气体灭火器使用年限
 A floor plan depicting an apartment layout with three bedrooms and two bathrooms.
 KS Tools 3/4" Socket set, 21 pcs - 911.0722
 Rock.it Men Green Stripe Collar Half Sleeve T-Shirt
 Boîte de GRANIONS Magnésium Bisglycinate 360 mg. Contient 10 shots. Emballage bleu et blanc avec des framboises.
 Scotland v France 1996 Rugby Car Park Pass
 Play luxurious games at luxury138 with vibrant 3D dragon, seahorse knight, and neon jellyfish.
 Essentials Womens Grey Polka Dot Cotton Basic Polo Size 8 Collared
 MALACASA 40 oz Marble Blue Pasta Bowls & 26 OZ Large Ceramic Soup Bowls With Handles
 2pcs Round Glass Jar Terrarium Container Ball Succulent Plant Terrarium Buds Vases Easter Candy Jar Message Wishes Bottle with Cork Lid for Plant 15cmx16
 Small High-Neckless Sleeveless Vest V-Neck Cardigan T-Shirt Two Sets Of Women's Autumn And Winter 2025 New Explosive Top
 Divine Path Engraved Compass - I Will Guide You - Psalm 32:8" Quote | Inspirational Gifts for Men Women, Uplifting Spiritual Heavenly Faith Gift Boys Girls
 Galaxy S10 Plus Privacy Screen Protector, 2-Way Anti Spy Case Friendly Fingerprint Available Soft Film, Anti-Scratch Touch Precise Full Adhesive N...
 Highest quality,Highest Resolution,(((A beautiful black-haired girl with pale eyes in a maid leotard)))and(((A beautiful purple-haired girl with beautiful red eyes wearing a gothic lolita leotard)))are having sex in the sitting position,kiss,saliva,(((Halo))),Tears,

○ ○ ○ ○

Please return exactly the lines from the opening line of the data above through the line with "Play luxurious games", both included and nothing else.

# [Response for this exercise]
气体灭火器使用年限
 A floor plan depicting an apartment layout with three bedrooms and two bathrooms.
 KS Tools 3/4" Socket set, 21 pcs - 911.0722
 Rock.it Men Green Stripe Collar Half Sleeve T-Shirt
 Boîte de GRANIONS Magnésium Bisglycinate 360 mg. Contient 10 shots. Emballage bleu et blanc avec des framboises.
 Scotland v France 1996 Rugby Car Park Pass
 Play luxurious games at luxury138 with vibrant 3D dragon, seahorse knight, and neon jellyfish.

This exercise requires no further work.